What is being asked: In the records below, find the line holding "2402 WINDBREAK DR, Alexandria, VA 22306"; copy it and every line after it to the end, omitting all images.

<<<<

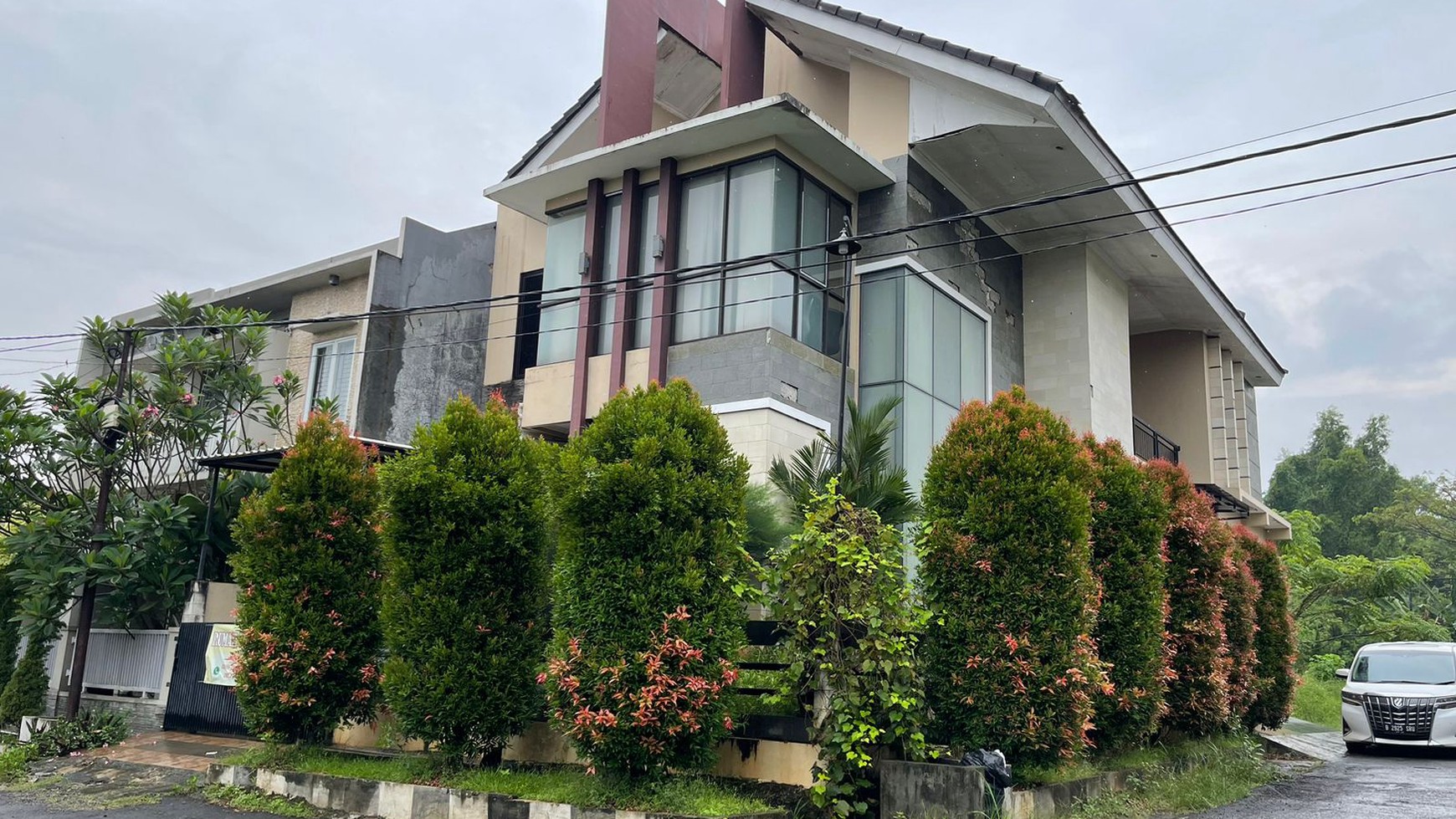 Rumah Bagus Di Graha Metro Serang, Jl Liverpool Serang Banten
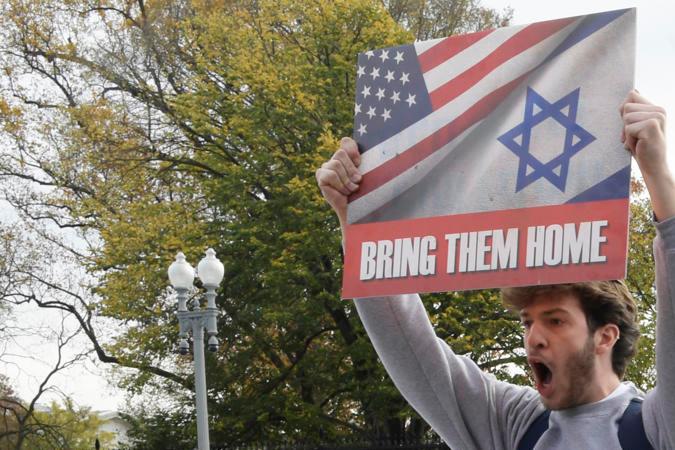 Organizaciones colocan decenas de falsos cadáveres ante la Casa Blanca y exigen alto al fuego en Gaza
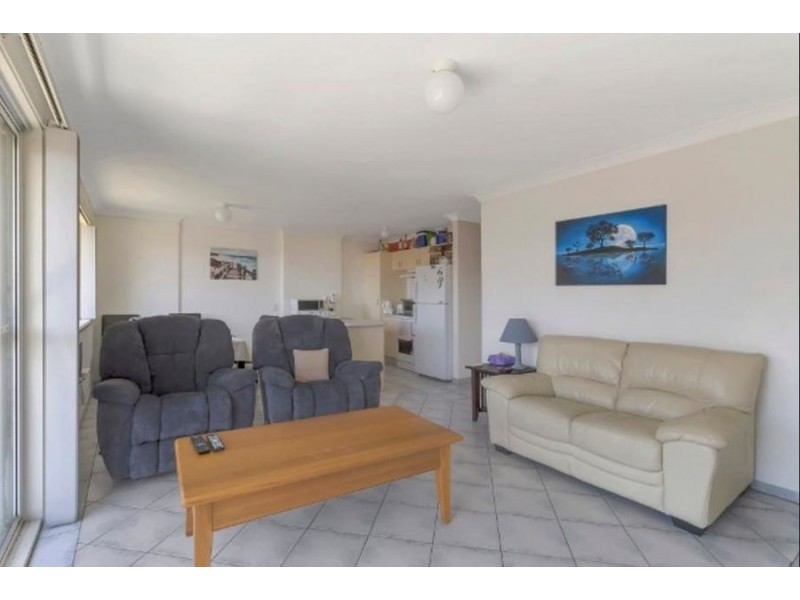 42/13 Brown Street, Labrador QLD 4215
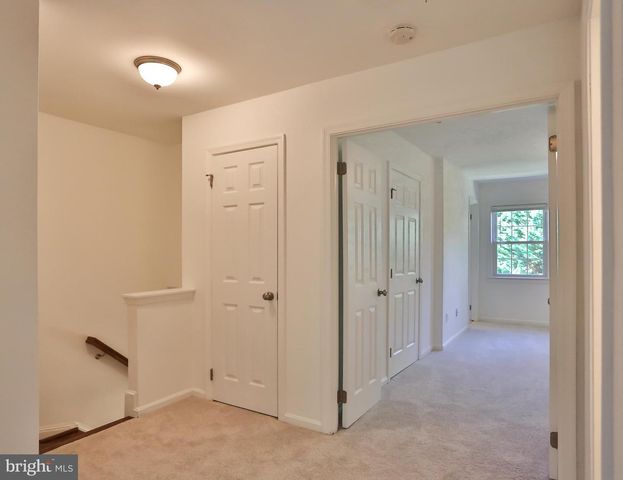 2402 WINDBREAK DR, Alexandria, VA 22306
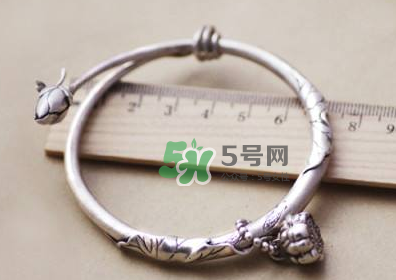 銀手鐲可以用牙膏洗嗎？銀手鐲可以用什么洗？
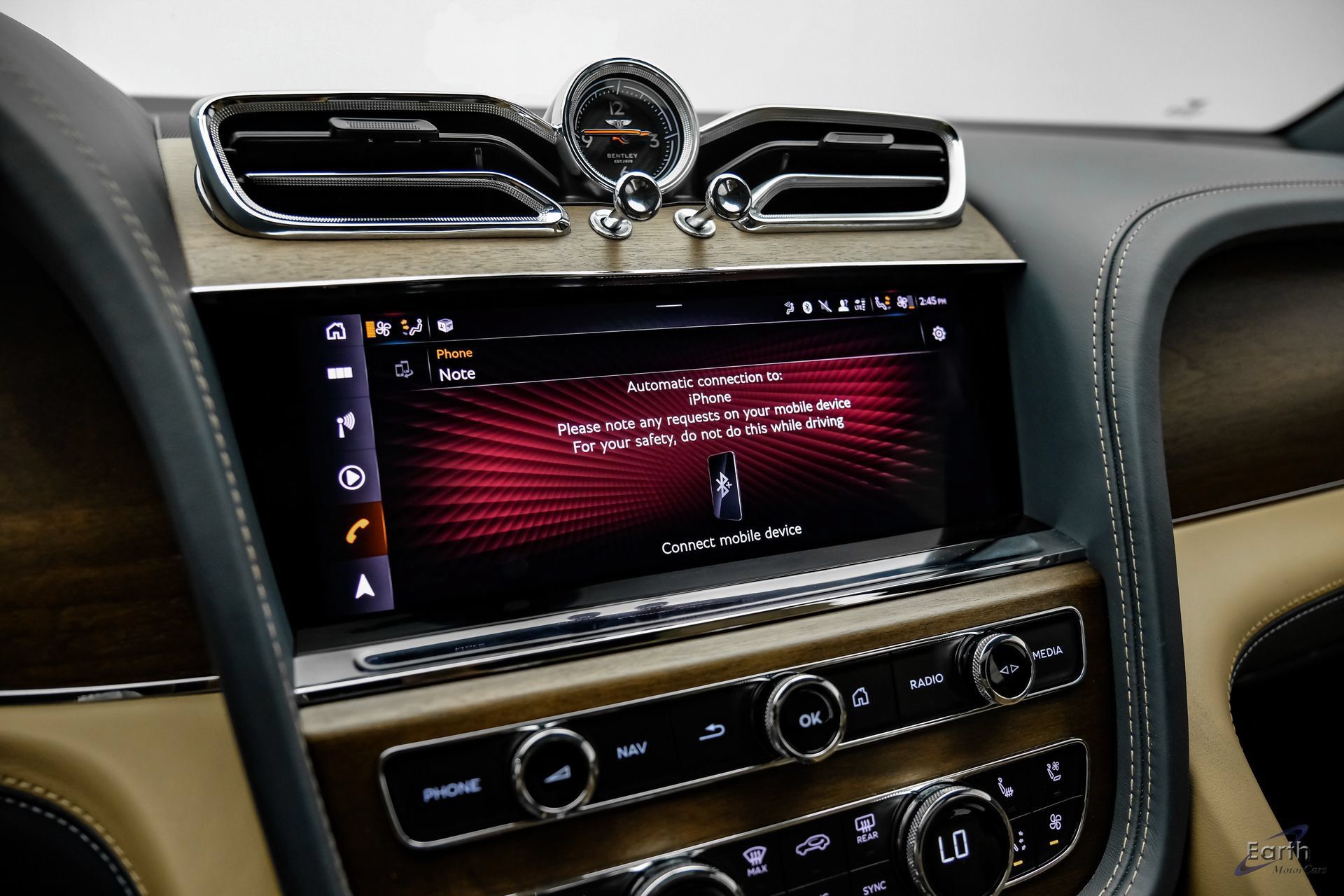 Used 2023 Bentley Bentayga Extended Wheelbase AWD/4WD image 77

>>>>

Answer section:
 2402 WINDBREAK DR, Alexandria, VA 22306
 銀手鐲可以用牙膏洗嗎？銀手鐲可以用什么洗？
 Used 2023 Bentley Bentayga Extended Wheelbase AWD/4WD image 77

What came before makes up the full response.